You’ll get naked most likely. But with the canopy of the Pisgah National Forest in your sight, and snugged-in by the Blue Ridge Mountains, you’ll hardly feel exposed as you sink into one of the outdoor private hot tubs at Shoji Spa & Lodge, a Japanese-style bathhouse and spa in Asheville, North Carolina. While $50 million luxury-pampering retreats have their place, the spa at the Grove Park Inn this is not. This onsen, (the term for hot springs in Japanese, though it also describes the tubs and inns around the springs) is more rustic, more Shogun, more . . . Asheville than that. As is the custom before a soak in Japan, you’ll first shower. Then, an hour in your very own private outdoor hot tub awaits you, where you can upgrade your visit to have hot tea or sake with other snacks delivered tub-side. Next, sit in the dry cedar sauna or take a cool plunge— or do both, what they call “contrasting therapies.”

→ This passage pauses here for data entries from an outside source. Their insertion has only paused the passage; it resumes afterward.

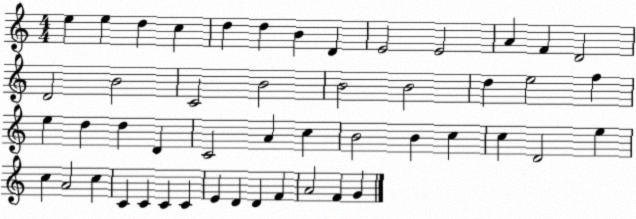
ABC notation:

X:1
T:Untitled
M:4/4
L:1/4
K:C
e e d c d d B D E2 E2 A F D2 D2 B2 C2 B2 B2 B2 d e2 f e d d D C2 A c B2 B c c D2 e c A2 c C C C C E D D F A2 F G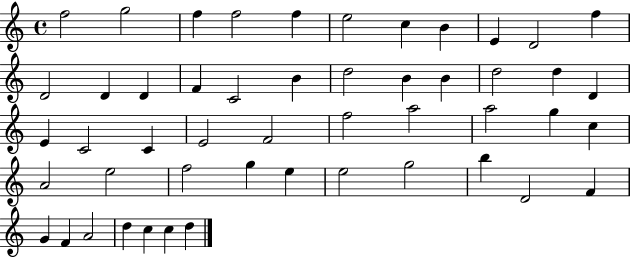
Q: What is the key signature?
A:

Also therapeutic? A Shoji massage with some of the best hands in the business. The menu of spa services is as enticingly exotic and delicious-sounding as any sushi menu. Try a lemongrass sake moisturizing hand treatment, yuzu (Japanese grapefruit) oil massage, a tea tree oil scalp treatment, or even the exfoliating dry skin brushing to detox the multitude of sins your skin and system endure.
Katie Edwards, licensed acupuncturist and owner of the Center of Bliss in Greenville went with her fiancé for the Double the Fun couples package. “It made me feel like I was on a week- long vacation because I felt so relaxed and rejuvenated after leaving,” says Edwards. “Shoji is unique in their offerings. They let you have the ability to spend quiet time with yourself or the ones you love. Their hot tubs are very private and you feel like you are able to get away from everything to just rest.”

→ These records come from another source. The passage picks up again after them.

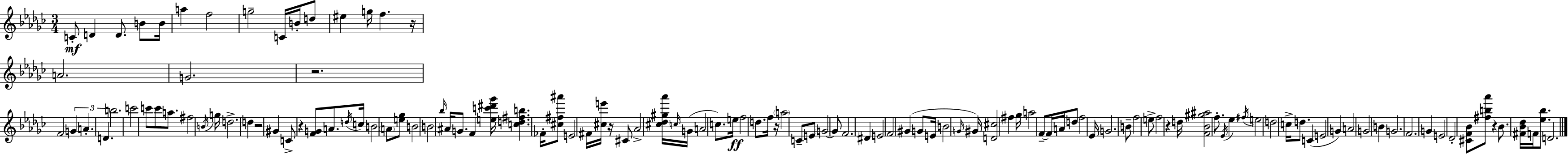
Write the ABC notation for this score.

X:1
T:Untitled
M:3/4
L:1/4
K:Ebm
C/2 D D/2 B/2 B/4 a f2 g2 C/4 B/4 d/2 ^e g/4 f z/4 A2 G2 z2 F2 G A D b2 c'2 c'/2 c'/2 a/2 ^f2 B/4 g/4 d2 d z2 ^G C/2 z [FG]/2 A/2 d/4 c/4 B2 A/2 [e_g]/2 B2 B2 _b/4 ^A/4 G/2 F [ec'^d'_g']/4 [cd^fb] _F/4 [^c^f^a']/2 E2 ^F/4 [^ce']/4 z/4 ^C/2 _A2 [^c_d^g_a']/4 c/4 G/4 A2 c/2 e/4 f2 d/2 f/4 z/4 a2 C/2 E/2 G2 G/2 F2 ^D E2 F2 ^G G/2 E/4 B2 G/4 ^G/4 [D^c]2 ^f _g/4 a2 F/2 F/4 A/4 d/2 f2 _E/4 G2 B/2 f2 e/2 f2 z d/4 [F_B^g^a]2 f/2 _E/4 _e ^f/4 e2 d2 c/4 d/2 C E2 G A2 G2 B G2 F2 G E2 _D2 [^CF_B]/2 [^fb_a']/2 z _B/2 [^F_B_d]/4 F/4 [_e_b]/2 D2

Shoji is only minutes from downtown Asheville, but the winding road up to the spa and Japanese-like setting with elements of wood, metal, and fire make it feel miles away from anything. There is something so sublime about soaking in a froth of warm water, staring up at the pristine sky and smelling wood smoke all at once.
If you’re too melted to move, Shoji offers overnight accommodations including the Shoji Loft (sleeps two), Lodge (sleeps six), and the Studio (sleeps four) with prices ranging from $175 to $249—though a day trip, with an hour- long hot tub soak, including the cedar sauna and cold plunge will cost just $42. This art of soaking might be an ancient one, but for our modern world, it’s a bit of bliss that is so very au courant.